Homework 2 (Dynamic Programming)

2.1 Reproduce Figure 3.2 (policy evaluation)
2.2 Reproduce Figure 4.1 (policy iteration)
2.3 Reproduce Figure 3.5 (value iteration)

Homework 3 (Monte Carlo)

~~3.1 Reproduce Figure 5.1 (on-policy)~~
~~3.2 Reproduce Figure 5.3 (off-policy)~~
3.3 Reproduce Figure 5.4 (off-policy) (with both OIS and WIS)

Homework 4 (Temporal Difference)

4.1 Reproduce Example 6.2 (TD v.s. Monte Carlo)
~~4.2 Reproduce Figure 6.2 (TD v.s. Monte Carlo in batch setting)~~
~~4.3 Reproduce Example 6.5 (SARSA)~~
4.4 Reproduce Example 6.6 (SARSA v.s.
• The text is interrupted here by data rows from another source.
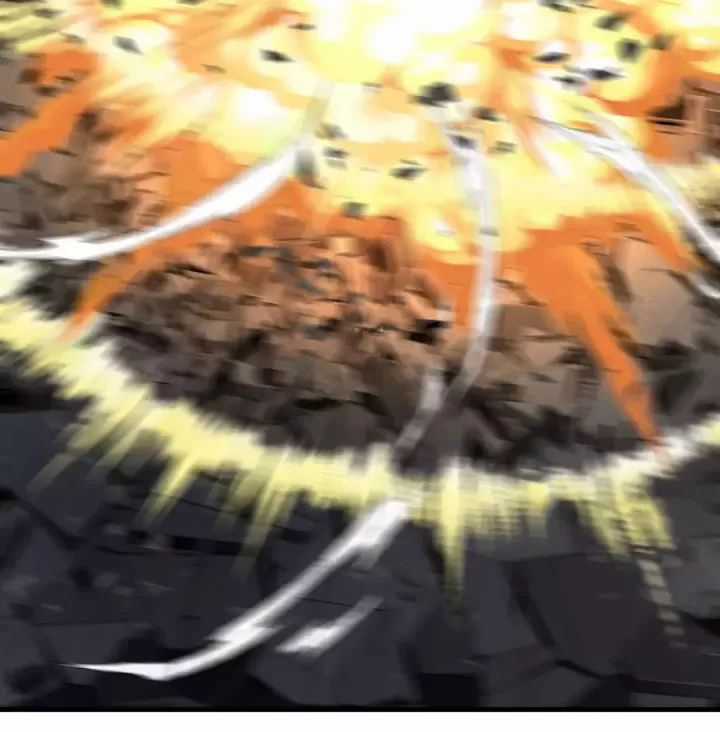 Đồ Đệ Của Ta Là Nữ Đế Chương 122 trang 23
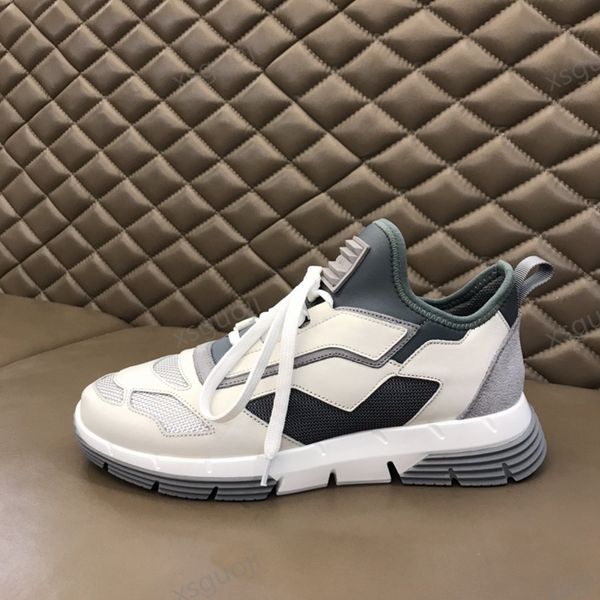 men's color-blocking sneakers, breathable on both sides, the biggest feature of this sneaker is comfort, ultra-light and ultra-thin, Black
men's color-blocking sneakers, breathable on both sides, the biggest feature of this sneaker is comfort, ultra-light and ultra-thin, Black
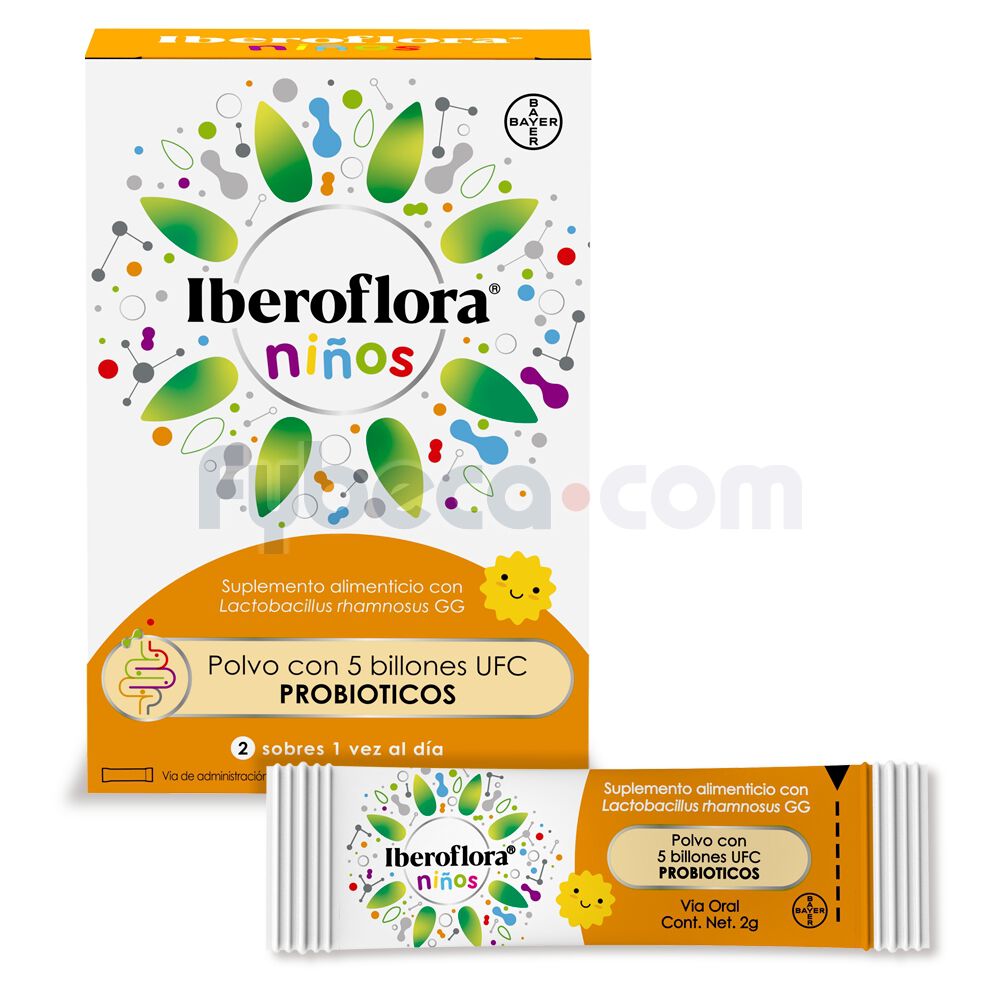 Iberoflora-Lgg-Niños-Sobres-5-Billones-C/10-Unidad-imagen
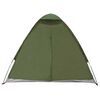 Product Thumbnail Image 7 of 16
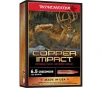 Winchester Copper Impact 6.5 Creedmoor 125gr Extreme Point Rifle Ammo - 20 Rounds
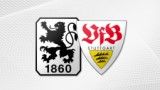 /?proxy=REDAKTION/Saison/1860-VfB_160x90.jpg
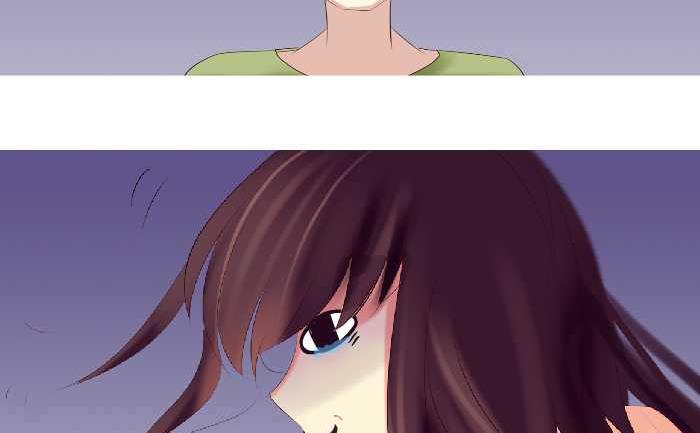 互撸大漫画韩漫全集-146 晕车无删减无遮挡章节图片 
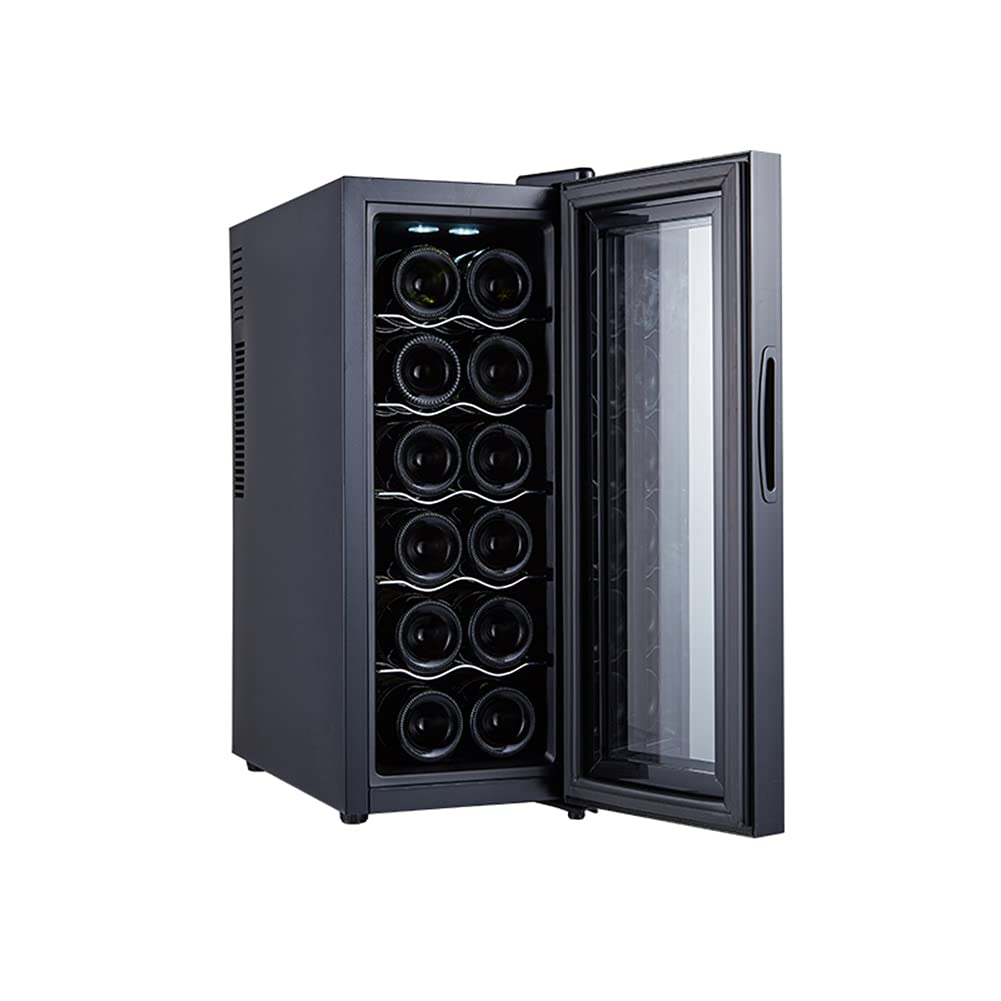 GagalU 1.2 cu ft Wine Cooler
Q-learning)
4.5 Reproduce Figure 6.5 (double Q-learning)

Homework 5 (N-Step TD)

Reproduce Figure 7.2

Homework 6 (Approximate Methods)

~~6.1 Reproduce Figure 9.1 (state aggregation)~~
6.2 Reproduce Figure 9.2 (linear function approximation)
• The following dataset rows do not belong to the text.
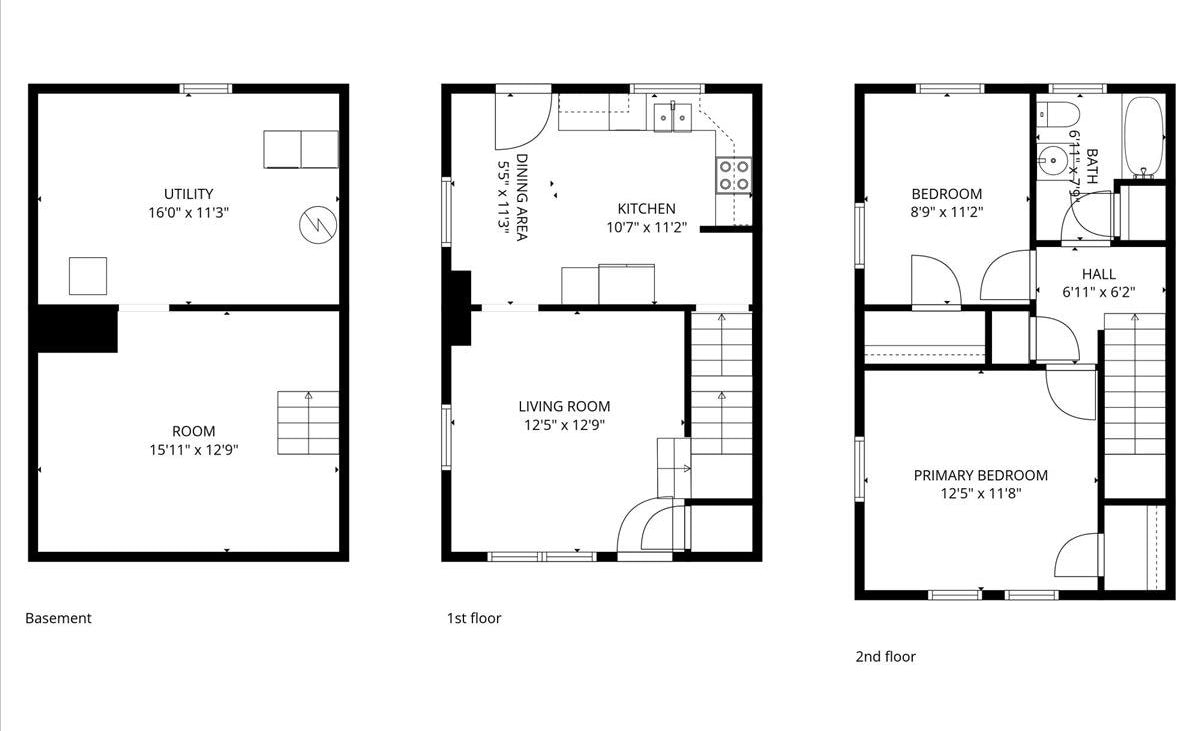 76 Shirley Circle Property Photo 38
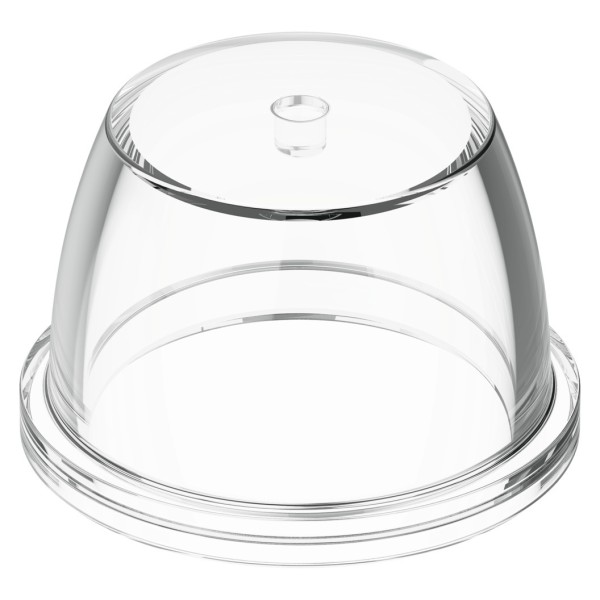 SACC-S4-T-T Protective cap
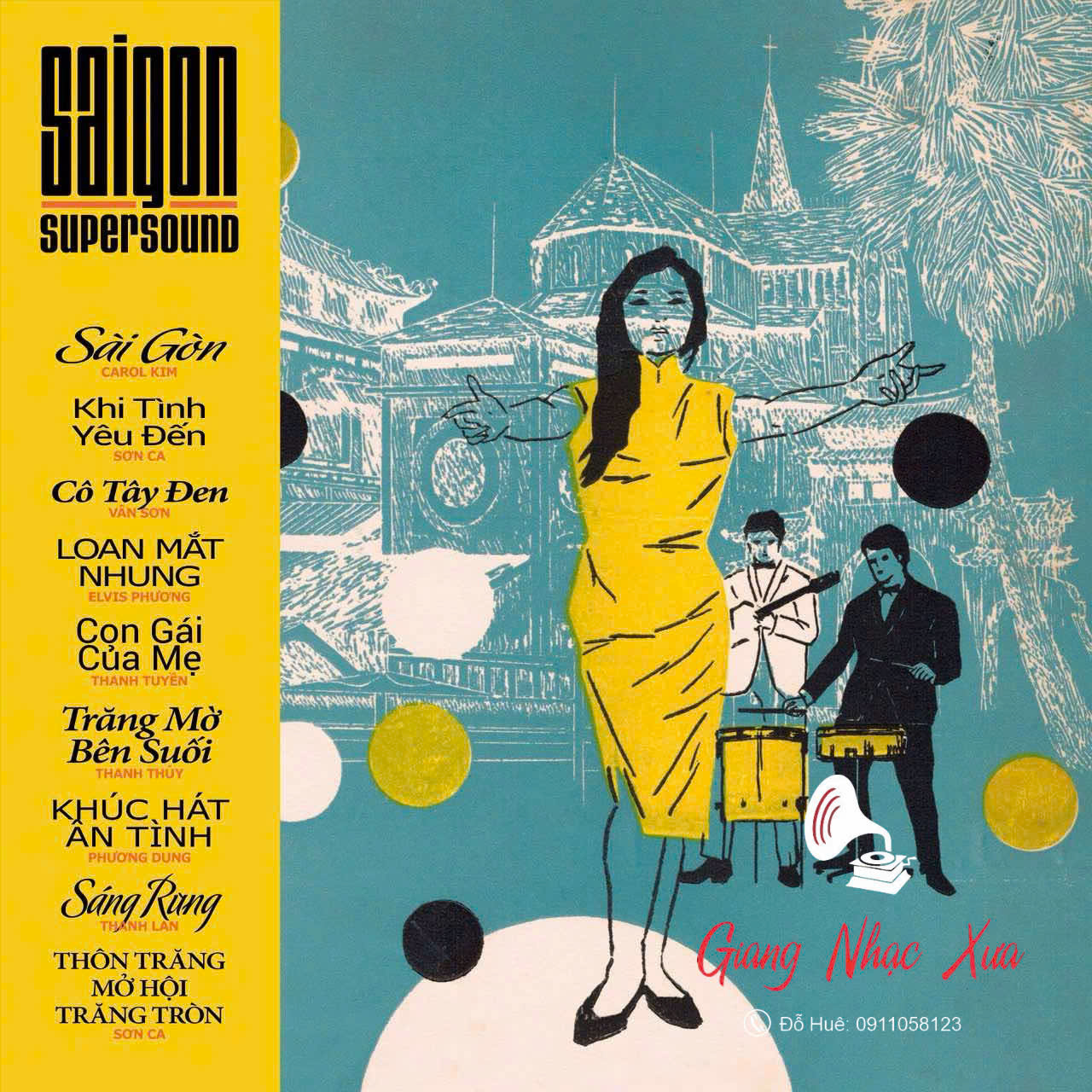 dia-than-saigon-supersound-vol-3-vinyl-lp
Homework 7 (Policy Gradient)

~~7.1 Reproduce Example 13.1 (stochastic policy)~~
7.2 Reproduce Figure 13.2 (REINFORCE)

Rubrics for each task (5 pt)

Visual inspection of your generated figures (2 pt)
Correctness of your implementation (1 pt)
Code style of your implementation (2 pt)
- Comments (1 pt)
- Modularization (1 pt)

For each task, please only submit a SINGLE self-contained Python file, together with the generated figure. Auto-differentiation packages (e.g., PyTorch) are not allowed.

Policies:

Late Policy: You have a quota of 72 hours for late submission for all but the last task. Late submission within 8 hours (a grace period) has no penalty and does not consume the quota. No late submission is allowed for the last task because SEAS does not grant me a late submission privilege for the final grades. No exception will be made unless doctor notes or SDAC notifications are provided.
Regrading Policy: For every task, one regrading request is allowed.